** Exercise **
Take the entries below and reproduce exactly the portion that begins at the line containing "TOMMY BAHAMA BROWN" and ends at the line containing "Mint Green-Stippen |", keeping both ends, dropping pictures, and adding nothing else.
++++ Data shown
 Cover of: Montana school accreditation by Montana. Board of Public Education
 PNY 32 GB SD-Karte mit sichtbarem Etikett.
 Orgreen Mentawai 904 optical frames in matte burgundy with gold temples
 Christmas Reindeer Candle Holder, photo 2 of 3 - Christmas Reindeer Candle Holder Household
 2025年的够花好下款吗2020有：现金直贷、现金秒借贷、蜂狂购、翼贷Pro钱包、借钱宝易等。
++++++++
++++ Data shown
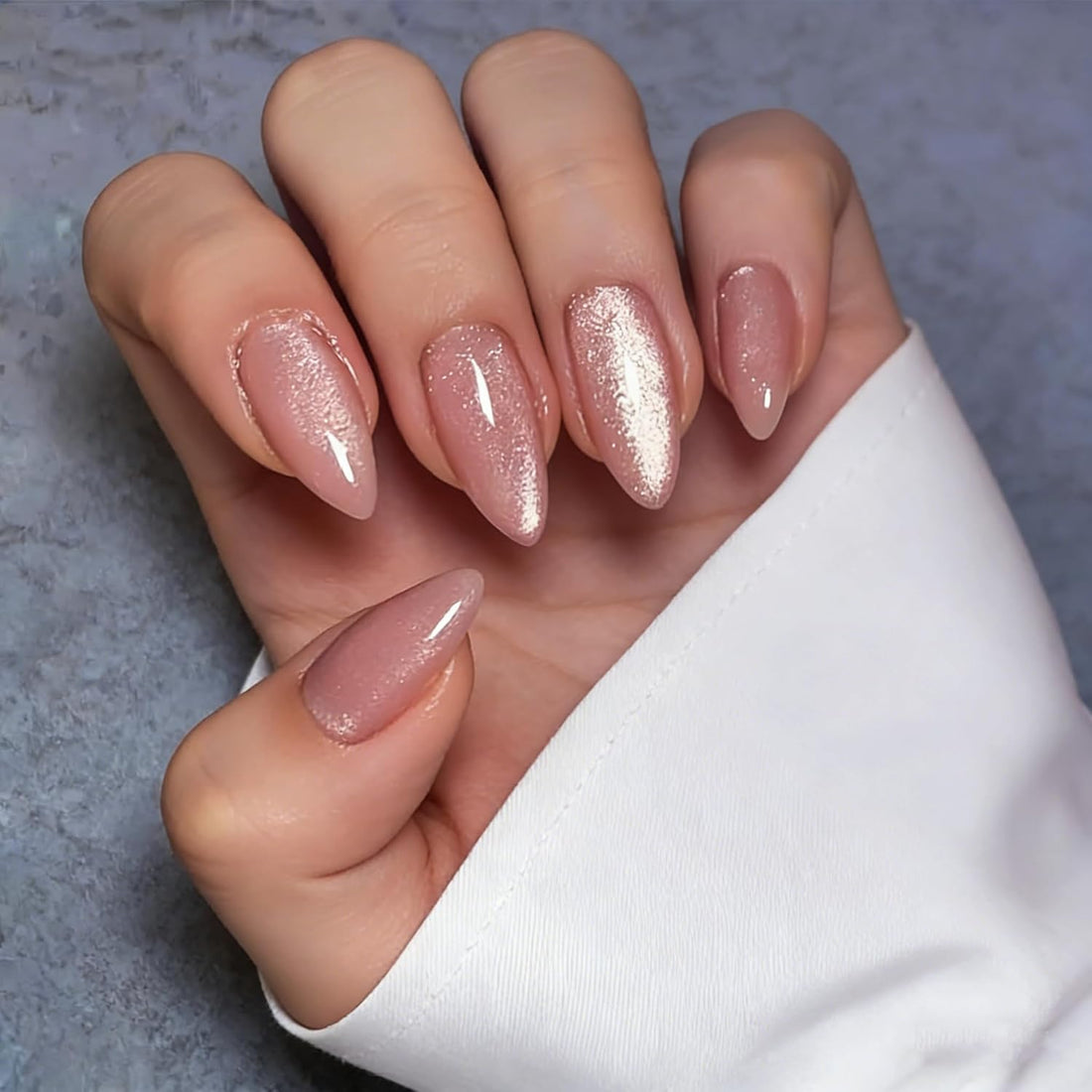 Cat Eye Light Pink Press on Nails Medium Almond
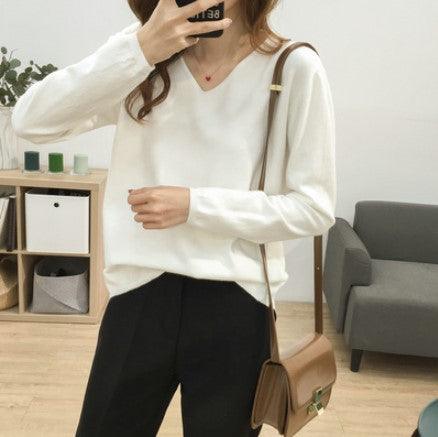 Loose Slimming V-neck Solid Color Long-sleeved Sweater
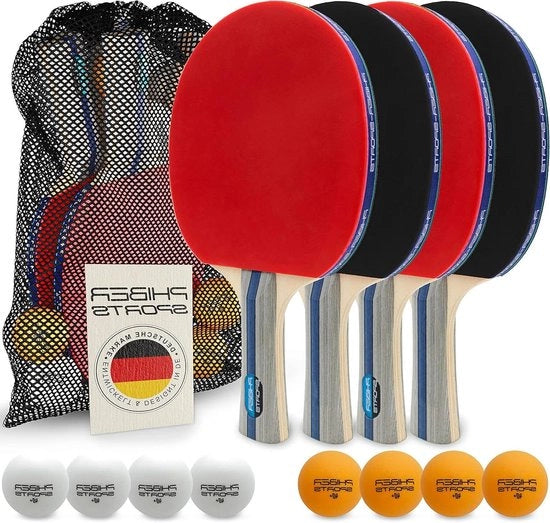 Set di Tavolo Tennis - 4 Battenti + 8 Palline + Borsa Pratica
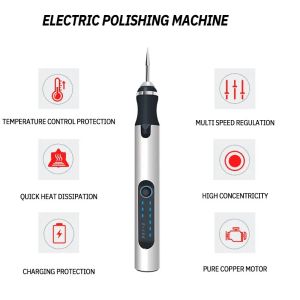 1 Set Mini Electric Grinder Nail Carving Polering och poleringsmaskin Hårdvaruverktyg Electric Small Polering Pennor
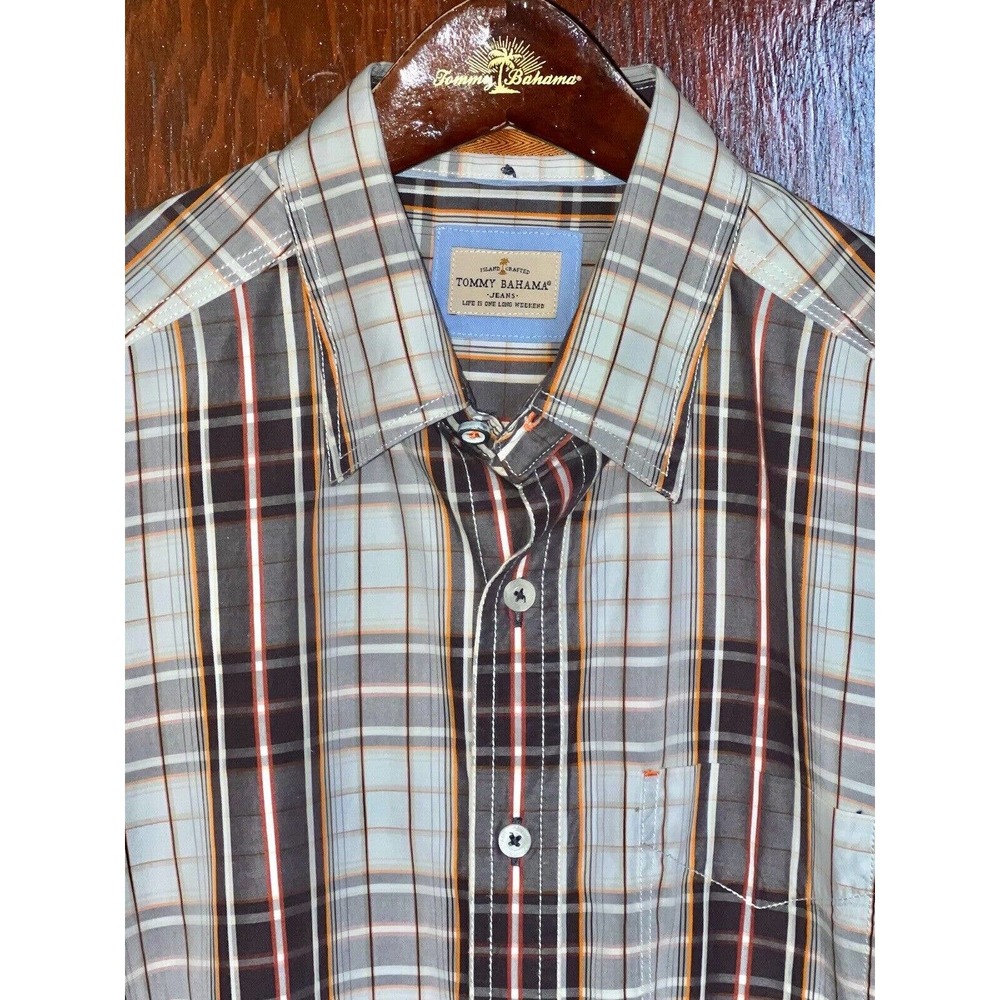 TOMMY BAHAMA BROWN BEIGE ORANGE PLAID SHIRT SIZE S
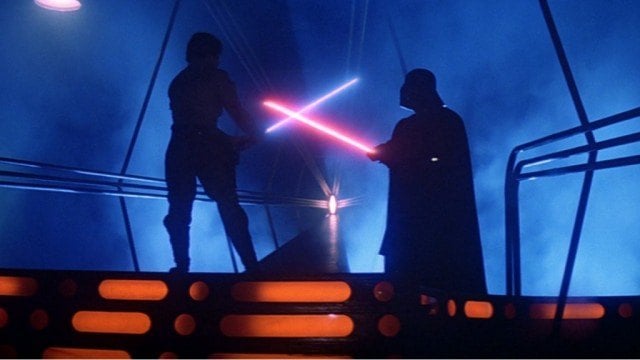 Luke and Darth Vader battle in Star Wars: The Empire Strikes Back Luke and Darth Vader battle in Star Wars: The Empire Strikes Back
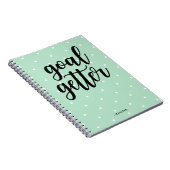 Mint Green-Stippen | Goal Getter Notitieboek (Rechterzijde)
++++++++
** Reply **
 TOMMY BAHAMA BROWN BEIGE ORANGE PLAID SHIRT SIZE S
 Luke and Darth Vader battle in Star Wars: The Empire Strikes Back Luke and Darth Vader battle in Star Wars: The Empire Strikes Back
 Mint Green-Stippen | Goal Getter Notitieboek (Rechterzijde)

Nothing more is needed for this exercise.